Banking partner deal near for UK Post Office's
The Post Office is close to signing a banking partner, which will enable it to go head-to-head with the clearing banks and supermarkets to sell personal loans, credit cards and savings products.
David Mills, the man who founded First Direct and is now chief executive of the Post Office network, will take responsibility for the changes, which are designed to make branches more commercial.
The Post Office’s first financial product, an unsecured personal loan, will go on sale in October, Allan Leighton, chairman of the Royal Mail, told the annual conference of the National Federation of Subpostmasters in Scarborough.
Mr Mills said that he was negotiating with several financial institutions whose products the Post Office will sell under its own brand.
The Post Office needs to find new sources of revenue as the Government’s decision to pay social services benefits directly into bank accounts will reduce the need for many people to visit post offices.
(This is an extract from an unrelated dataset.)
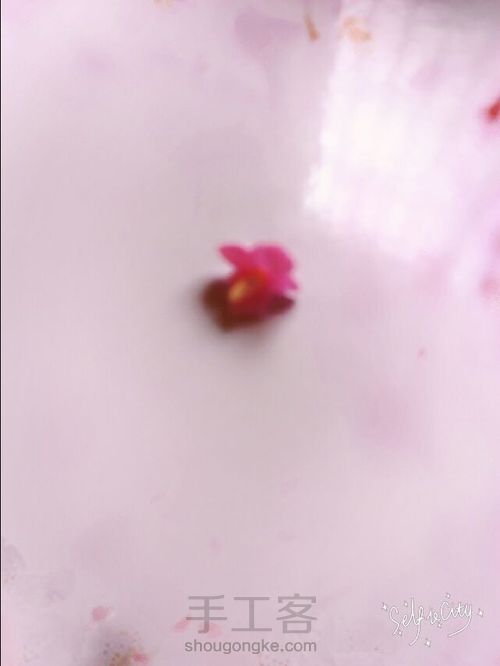 玫瑰小公主! 第22步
The introduction of the Universal Bank in April was intended to mitigate the impact, but take-up of the accounts has been slow. Mr Mills said that of the 2.7 million claimants contacted by the Department of Work just 60,000 had a Universal Bank card, though 300,000 more have applied. In total, 13 million pensioners and benefit claimants will be transferred to direct payment over the next two years.
Introducing financial services products is part of Mr Mills’s strategy to bring the Post Office back into profit.
Without the initiative he has said it would take five years to turn around the Post Office. By introducing financial services sales he expects to cut that to three years.